The calculation above should be considered a general starting point in your tracking journey and why it’s helpful to work with a qualified professional such as a registered dietitian or certified nutrition coach. When you work with a Stronger U Coach, for example, they assess your progress each week to see how your body is responding and offer personalized suggestions on what next steps to take, what to change and what to keep the same for you to meet your goals.
How to Know Which Foods Fall Under Which Macro
Most foods fall under at least one of the three macronutrients. Each of the following foods is predominantly made up of one macronutrient. This can help you create a balanced intake of all three when selecting what foods to eat.
Lean red meat
Lean ground meat
Non-fat Greek yogurt
Canned tuna in water
Non-fat cottage cheese
Vegan protein powder
Macronutrient Goals for Weight Loss: How to Hit Your Macros
Planning your menu of meals and food intake in advance can make hitting your macros a lot easier. At Stronger U, we’ve also found that people who plan tend to have the greatest success in achieving and maintaining their goals.
There are many different approaches to planning, for some people, this may mean planning exactly what you’ll eat at each meal and snack and tracking your macros in advance by inputting them into an app beforehand, such as the Stronger U App. For others, it might mean making a list of foods to purchase, prep, and have available at home to make it easier and quicker to throw together meals and snacks and then tracking as you go. Both options can help take the guesswork and stress of deciding what to eat next.
It’s not all quantity over quality here. While, yes, technically, you can eat any foods that fit within your macros and experience weight loss, it doesn’t necessarily mean that it’s the best option to help you feel your best or support your overall health. Tracking macronutrients sheds light on what you’re eating daily and provides the insight that informs where you may need to make changes to achieve your personal body composition or performance goals.

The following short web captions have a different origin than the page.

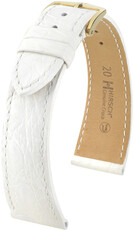 Bőrszíj Hirsch Genuine Croco 18900800-7, fehér, krokodilbőr, Quick Release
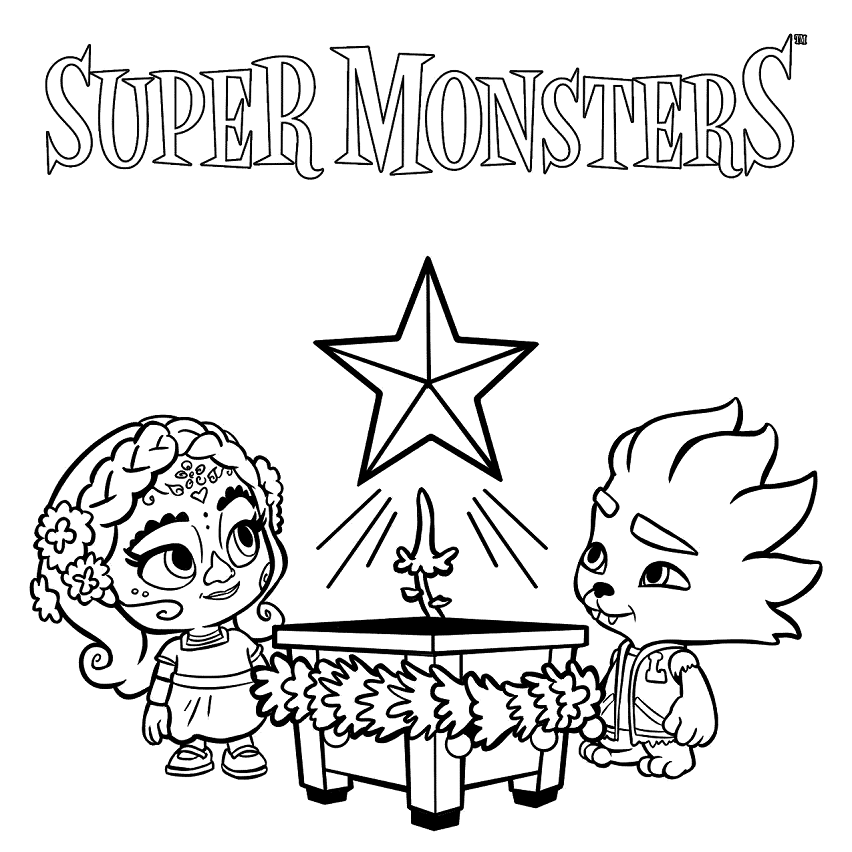 Super Monsters Coloring Pages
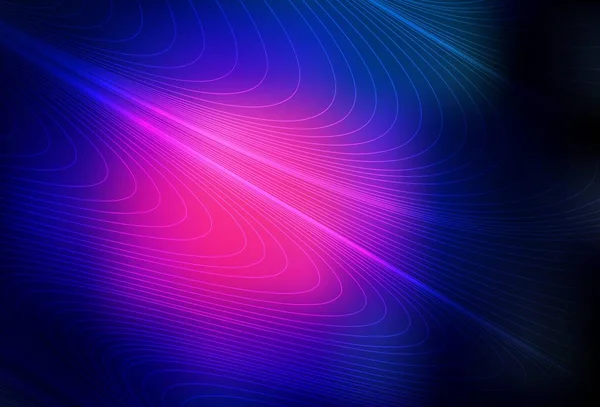 Темно Рожевий Синій Векторний Розклад Плоскими Лініями Блискуча Кольорова Ілюстрація — стоковий вектор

Your Frequently Asked Questions, Answered:
Does counting macros work for weight loss?
Macronutrient tracking can be an effective and sustainable way to lose weight because it’s a flexible approach that doesn’t require omitting or restricting certain foods and allows freedom for some favorites that would otherwise not be considered in other diets.
What macros should you track for weight loss?
You should track all three: protein, carbohydrates and fat for weight loss.
Should I track macros or just calories?
Tracking macros versus just calories ensures you’re getting an adequate amount of the essential macronutrients each day for energy, satiety, digestion, nutrient absorption and more. When counting calories only, your calories could come from just about anywhere and may lack balance for sustenance, health, and results.
Why am I not losing weight while counting macros?
There could be various factors that impact how much weight you lose while tracking macros. Often, estimating or guessing instead of being as accurate as possible can account for excess calories we’re unaware of consuming. This also applies to the bites and sips that we don’t account for. Lastly, activity needs may need to increase to help support weight loss efforts. Workouts, steps, and movement throughout the day goes a long way in our results. A Stronger U Coach looks at your overall daily picture, including macronutrients, movement, hydration, sleep, stress, etc. and offers support and guidance on what adjustments to make while monitoring your progress.